PROBLEM DESCRIPTION | With the pictures omitted, repeat exactly the lines below starting with the line that has "We'll then start" and going on through the line that has "You're going to select".

EXCERPTED DATA |
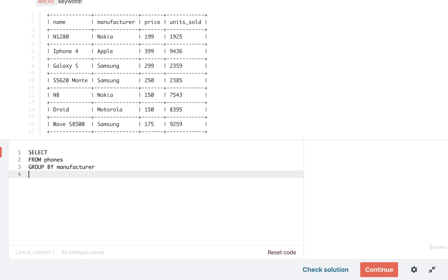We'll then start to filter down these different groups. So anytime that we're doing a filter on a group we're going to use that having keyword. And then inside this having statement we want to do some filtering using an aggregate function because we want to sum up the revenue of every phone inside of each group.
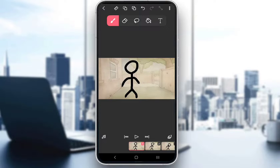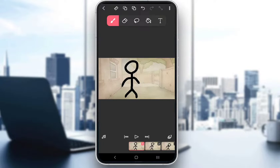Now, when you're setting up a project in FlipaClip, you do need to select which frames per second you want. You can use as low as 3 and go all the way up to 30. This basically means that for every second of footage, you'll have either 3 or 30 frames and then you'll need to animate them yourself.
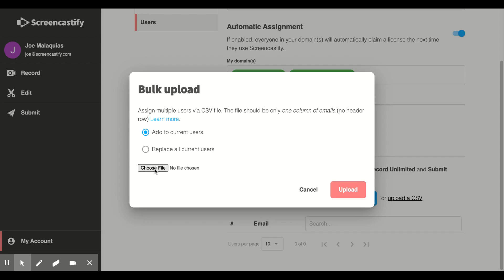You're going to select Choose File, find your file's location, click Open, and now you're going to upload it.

* * *

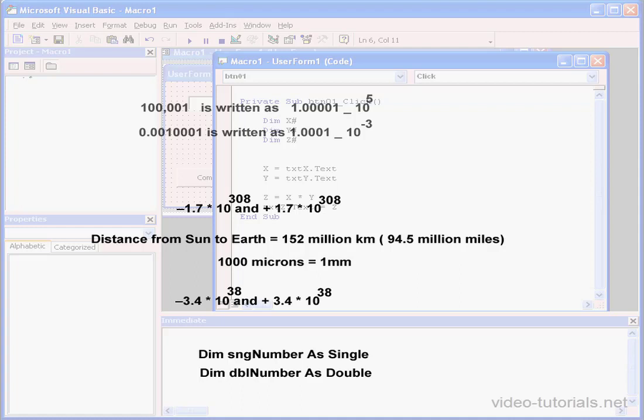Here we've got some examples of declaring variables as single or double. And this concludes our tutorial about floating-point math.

FINAL ANSWER |
We'll then start to filter down these different groups. So anytime that we're doing a filter on a group we're going to use that having keyword. And then inside this having statement we want to do some filtering using an aggregate function because we want to sum up the revenue of every phone inside of each group.
Now, when you're setting up a project in FlipaClip, you do need to select which frames per second you want. You can use as low as 3 and go all the way up to 30. This basically means that for every second of footage, you'll have either 3 or 30 frames and then you'll need to animate them yourself.
You're going to select Choose File, find your file's location, click Open, and now you're going to upload it.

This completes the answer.